On Sunday, 21 June, Singapore Democratic Party celebrated its 35th anniversary at Holiday Day Inn Singapore Atrium and invited a few speakers from civil society to talk about their experiences with the party and their thoughts about it.
One of the speakers who was invited is Jolovan Wham, Executive Director of Local Non-government Organisation, Humanitarian Organisation for Migration Economics (H.O.M.E).

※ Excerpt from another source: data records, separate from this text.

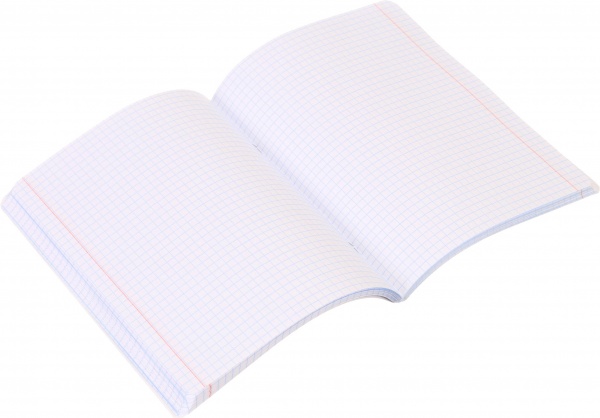 Тетрадь школьная Anime скоба 96 листов в клеточку Мечты сбываются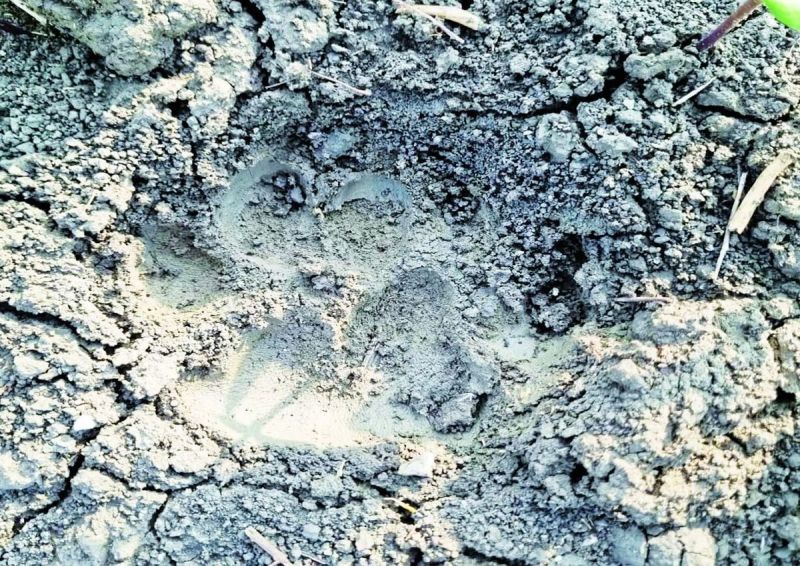 खेत वालों ने बताया कि उनके खेतों में भी पक्षियों के पंख भी पड़े हैं। इससे यह लगता है कि वन्यजीव ने वहां शिकार किया होगा। इसके साथ इस तरह के छोटे जानवर के बच्चे के पैरों के निशान भी मिले हैं।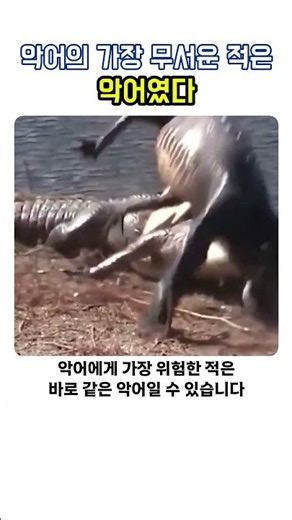 악어의 가장 무서운 적은 악어였다 #Shorts #악어 #동족포식 #동물행동학 #언더독만세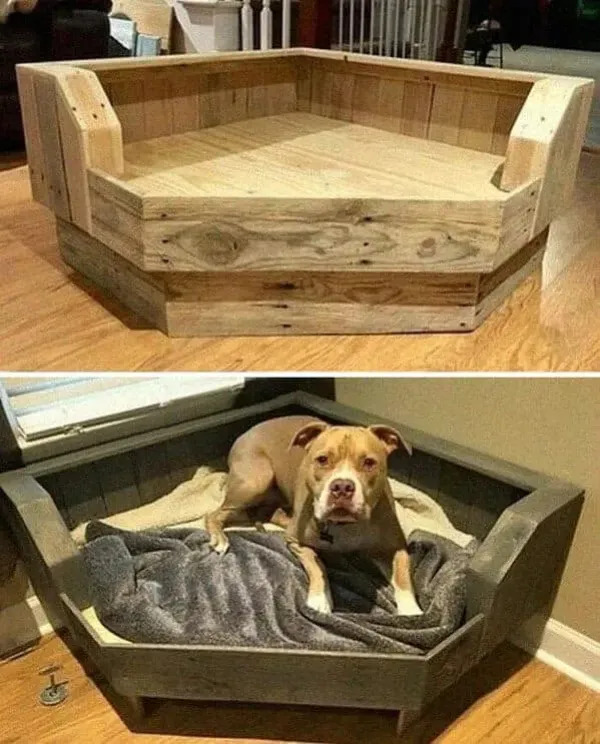 Amazing Woodworking (25 pics)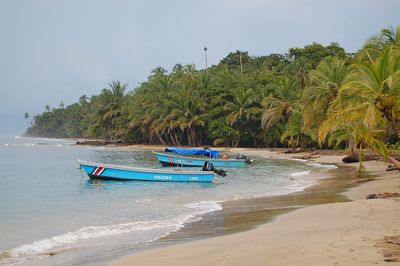 Costa Rica mit Kleinkindern - Südkaribik - Puerto Viejo de Talamanca - Strand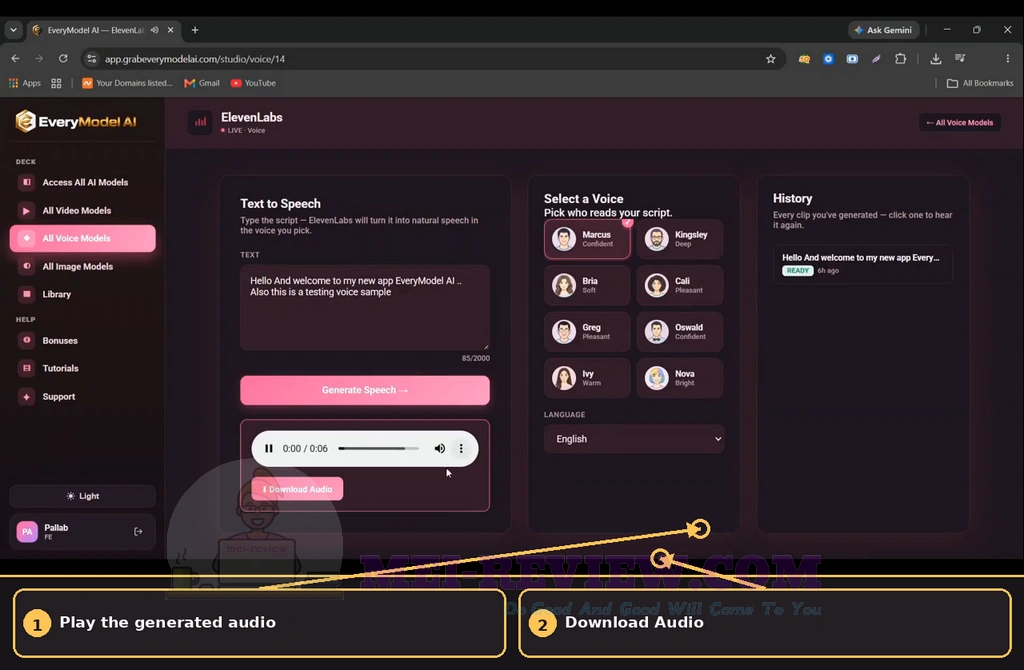 EveryModel-AI-Demo-17-audio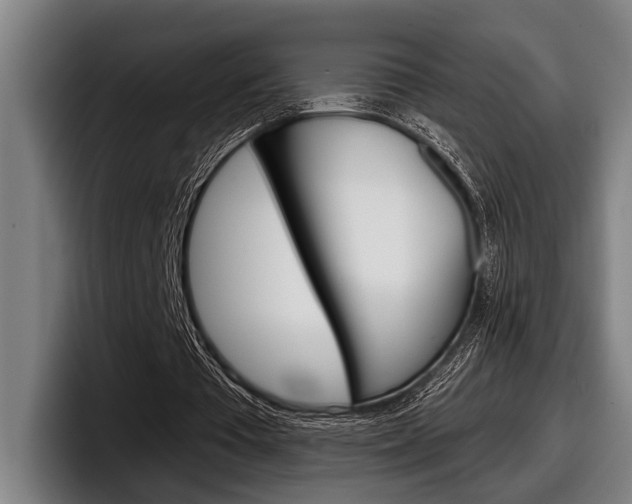 X0000098150385200804171201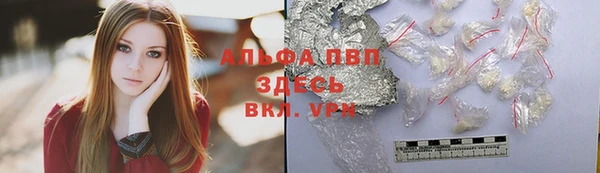 гашик Щучье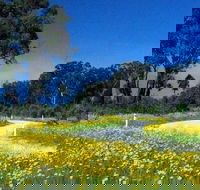 Shearer's Way - Attractions Perth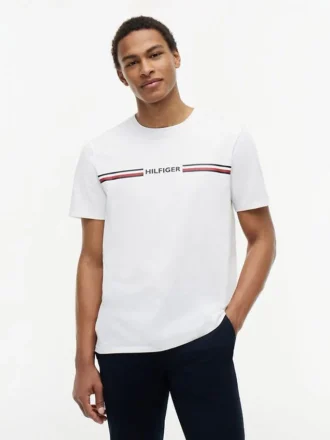 Hilfiger Signature Stripe Logo T-Shirt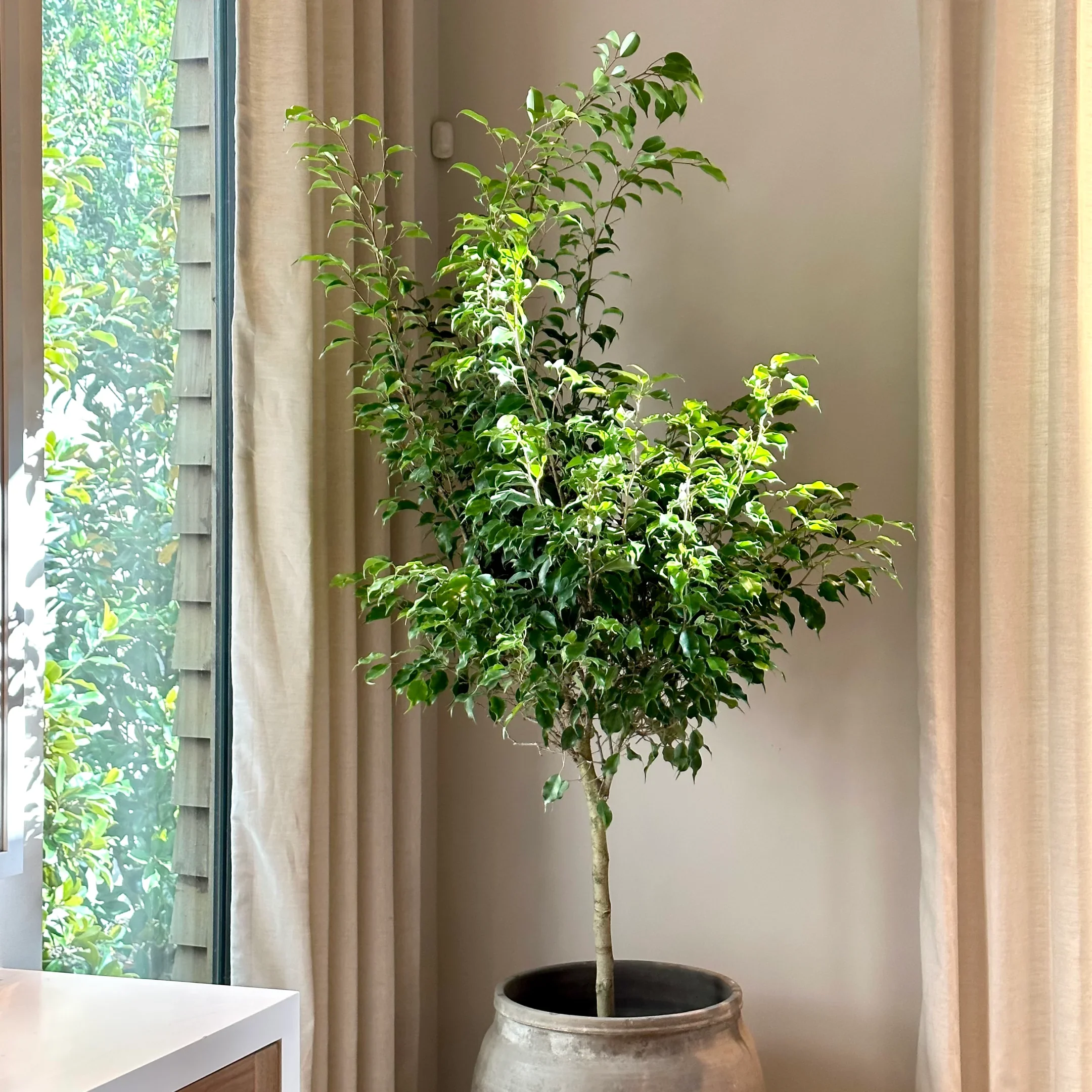 Ficus Benjamin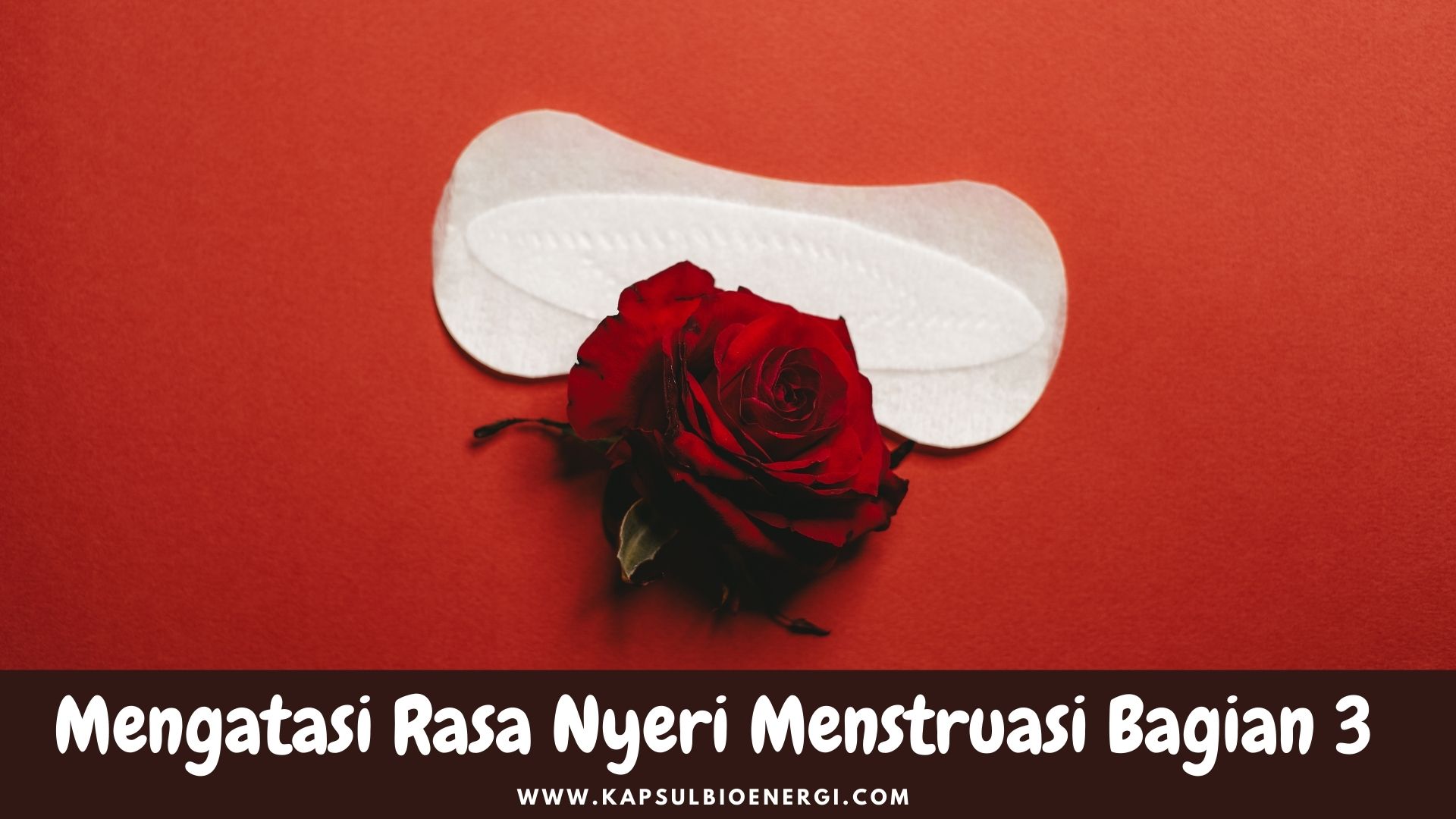 Mengatasi Rasa Nyeri Menstruasi Bagian 3; Solusi Herbal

Below is the full text of Jolovan’s speech:
I will start my presentation by reading some well known quotes about SDP, especially Dr Chee Soon Juan:
“What we are preventing is duds getting into Parliament and government. Any person of quality, we welcome him but we don’t want duds. We don’t want Chee Soon Juan, or J.B. Jeyaretnam. They’re not going to build the country.” (Lee KuanYew)
“[Chee Soon Juan’s] a liar, a cheat, and altogether an unscrupulous man. I could also add that I’ve had several of my own doctors who are familiar with such conduct…tell me that he is near-psychopath.” (Lee Kuan Yew)
“[Chee Soon Juan’s] a liar, he’s a cheat, he’s deceitful, he’s confrontational, it’s a destructive form of politics…” Lee hsien Loong
Anyone who is involved in human rights activism has to deal with the Singapore Democratic Party and its legacy. As the only political party who was actively taking a stand on civil and political rights, the SDP is an uncomfortable presence in the scene for many of us. In the book Building social space in Singapore: The Working Committee’s initiative in civil society activism , I was struck by how in one of the chapters, the issue of what to do with Chee Soon Juan sparked heated debate within members of The Working Committee. Should Chee Soon Juan be included in this forum that they wanted to organize? The discussants were afraid that their event would be ‘politicised’ if he got involved.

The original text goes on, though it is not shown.